** Opening SOURCE MATERIAL block **

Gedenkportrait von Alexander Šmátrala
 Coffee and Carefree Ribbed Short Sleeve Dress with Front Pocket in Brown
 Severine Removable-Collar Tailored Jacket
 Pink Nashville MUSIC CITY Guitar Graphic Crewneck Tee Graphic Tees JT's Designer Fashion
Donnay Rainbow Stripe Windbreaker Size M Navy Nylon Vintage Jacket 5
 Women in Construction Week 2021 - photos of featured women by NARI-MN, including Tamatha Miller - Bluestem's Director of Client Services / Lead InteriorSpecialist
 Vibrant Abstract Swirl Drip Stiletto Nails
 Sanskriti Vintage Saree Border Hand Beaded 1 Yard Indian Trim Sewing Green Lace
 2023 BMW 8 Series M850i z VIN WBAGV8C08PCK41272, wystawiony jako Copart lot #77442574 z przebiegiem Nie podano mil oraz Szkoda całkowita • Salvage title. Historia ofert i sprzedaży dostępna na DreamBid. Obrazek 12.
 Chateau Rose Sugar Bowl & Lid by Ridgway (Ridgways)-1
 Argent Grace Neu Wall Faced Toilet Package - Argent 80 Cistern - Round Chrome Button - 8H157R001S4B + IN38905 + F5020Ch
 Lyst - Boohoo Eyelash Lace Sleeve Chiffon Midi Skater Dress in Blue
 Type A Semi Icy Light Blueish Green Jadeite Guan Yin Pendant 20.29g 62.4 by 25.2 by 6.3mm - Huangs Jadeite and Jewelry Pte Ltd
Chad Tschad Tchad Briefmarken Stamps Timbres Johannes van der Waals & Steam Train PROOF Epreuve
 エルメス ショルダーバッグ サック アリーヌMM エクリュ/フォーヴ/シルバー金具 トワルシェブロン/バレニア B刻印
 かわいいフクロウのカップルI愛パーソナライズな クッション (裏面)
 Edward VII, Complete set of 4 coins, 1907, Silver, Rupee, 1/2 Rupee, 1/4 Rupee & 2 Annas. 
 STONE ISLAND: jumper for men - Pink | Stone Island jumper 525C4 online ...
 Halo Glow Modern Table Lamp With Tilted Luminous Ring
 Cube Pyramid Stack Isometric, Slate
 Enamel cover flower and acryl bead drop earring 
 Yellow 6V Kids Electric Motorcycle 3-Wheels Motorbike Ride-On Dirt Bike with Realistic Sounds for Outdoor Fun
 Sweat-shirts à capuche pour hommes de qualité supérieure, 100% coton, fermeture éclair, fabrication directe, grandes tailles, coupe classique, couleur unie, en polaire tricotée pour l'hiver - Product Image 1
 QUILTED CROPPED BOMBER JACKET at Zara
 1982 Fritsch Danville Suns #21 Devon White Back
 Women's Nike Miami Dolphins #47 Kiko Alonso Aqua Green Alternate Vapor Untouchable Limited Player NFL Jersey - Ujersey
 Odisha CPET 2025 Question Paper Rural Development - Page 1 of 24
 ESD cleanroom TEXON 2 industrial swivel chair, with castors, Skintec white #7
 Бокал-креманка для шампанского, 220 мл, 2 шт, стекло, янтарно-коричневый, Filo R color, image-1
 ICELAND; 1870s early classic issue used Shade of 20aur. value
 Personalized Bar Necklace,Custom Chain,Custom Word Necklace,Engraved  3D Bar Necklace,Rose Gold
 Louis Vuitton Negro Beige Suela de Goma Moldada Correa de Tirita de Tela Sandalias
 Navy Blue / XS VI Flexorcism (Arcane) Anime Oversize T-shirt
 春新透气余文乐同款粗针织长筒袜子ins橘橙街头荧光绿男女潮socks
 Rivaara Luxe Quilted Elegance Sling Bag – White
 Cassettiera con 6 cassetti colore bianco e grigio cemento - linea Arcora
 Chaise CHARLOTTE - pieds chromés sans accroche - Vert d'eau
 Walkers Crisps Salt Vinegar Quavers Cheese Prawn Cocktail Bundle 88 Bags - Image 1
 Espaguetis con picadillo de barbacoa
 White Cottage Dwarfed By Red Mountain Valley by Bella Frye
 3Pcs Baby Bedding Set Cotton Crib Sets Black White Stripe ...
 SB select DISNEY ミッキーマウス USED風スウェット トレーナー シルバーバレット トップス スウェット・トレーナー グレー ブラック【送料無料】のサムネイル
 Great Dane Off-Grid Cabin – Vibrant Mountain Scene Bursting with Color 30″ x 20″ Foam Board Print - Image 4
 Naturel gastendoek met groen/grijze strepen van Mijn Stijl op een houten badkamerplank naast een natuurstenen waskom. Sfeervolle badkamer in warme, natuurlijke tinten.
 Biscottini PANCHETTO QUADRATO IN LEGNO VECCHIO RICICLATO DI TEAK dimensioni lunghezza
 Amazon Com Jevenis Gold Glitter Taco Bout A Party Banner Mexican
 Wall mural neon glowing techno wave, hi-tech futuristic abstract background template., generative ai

** Closing SOURCE MATERIAL block **

→ EXERCISE GOAL:
Reproduce, word for word and in full, only the lines above that start at the line with "Chad Tschad Tchad" and run through the line with "Cube Pyramid Stack Isometric, Slate", both ends included.

→ ANSWER:
Chad Tschad Tchad Briefmarken Stamps Timbres Johannes van der Waals & Steam Train PROOF Epreuve
 エルメス ショルダーバッグ サック アリーヌMM エクリュ/フォーヴ/シルバー金具 トワルシェブロン/バレニア B刻印
 かわいいフクロウのカップルI愛パーソナライズな クッション (裏面)
 Edward VII, Complete set of 4 coins, 1907, Silver, Rupee, 1/2 Rupee, 1/4 Rupee & 2 Annas. 
 STONE ISLAND: jumper for men - Pink | Stone Island jumper 525C4 online ...
 Halo Glow Modern Table Lamp With Tilted Luminous Ring
 Cube Pyramid Stack Isometric, Slate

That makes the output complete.